Maestro and Brahmam widen the age gap between the movie star and his spouse. In Maestro, Tabu is replaced by 31-year-old Tamannaah, while the husband is played by Naresh. Tamannaah’s Simran is visibly younger than her bewigged spouse, which add a dash of ickiness to their relationship. Tamannaah’s limited acting skills further make her task even tougher than it already is.
In Brahmam, Prithviraj Sukumaran’s blind musician looks about the same age as this movie’s Simi, played by Mamta Mohandas. At 36, Mohandas once again appears much younger than her screen husband, played by Shankar Panicker.
Although Mohandas’s Simi is more ruthless than Tamannah’s Simran, both actors fail to inject black comedy into their performances. It’s hardly their fault – the remakes follow Andhadhun’s refusal to moralise but miss out on its screwball quality.

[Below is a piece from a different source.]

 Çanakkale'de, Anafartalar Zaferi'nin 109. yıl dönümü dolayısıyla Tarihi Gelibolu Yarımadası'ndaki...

Simi is a part clearly written for an older actor. By casting Tabu, Raghavan made possibly his best casting choice for the production. Tabu has been in comedic roles before, but never quite like this. She has played a villainish character in the past, but never quite like this. Rather than picking a younger actor, Raghavan chose a performer who brought vast experience and the right dose of wiliness to the role.
The Tamil remake Andhagan, which is being directed by JJ Fredrick, has the opportunity to get this crucial element right. Andhagan stars 45-year-old Simran as the unfaithful wife, while 1980s heartthrob Karthik has reportedly been cast as her hapless husband. Whatever else Andhagan achieves, it might get closer to the warped soul of Andhadhun solely on the basis of the casting of Simran.

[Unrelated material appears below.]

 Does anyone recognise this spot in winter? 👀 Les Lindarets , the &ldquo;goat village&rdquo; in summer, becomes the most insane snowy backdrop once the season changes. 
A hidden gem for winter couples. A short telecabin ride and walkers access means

Women who have crossed the 35-year age barrier in the movies are rarely given meaty and memorable roles. They are often compelled to play desexed mothers or syrupy sisters-in-law or wilting widows. The men whom they romanced on the screen not too long ago continue to be depicted as sexual magnets.
In Andhadhun, Simi has an active sex life (even if not with her legal partner) and the guts and brains to set things right. The role could have only been played by an older actor – the single-most important factor missing in the Telugu and Malayalam remakes.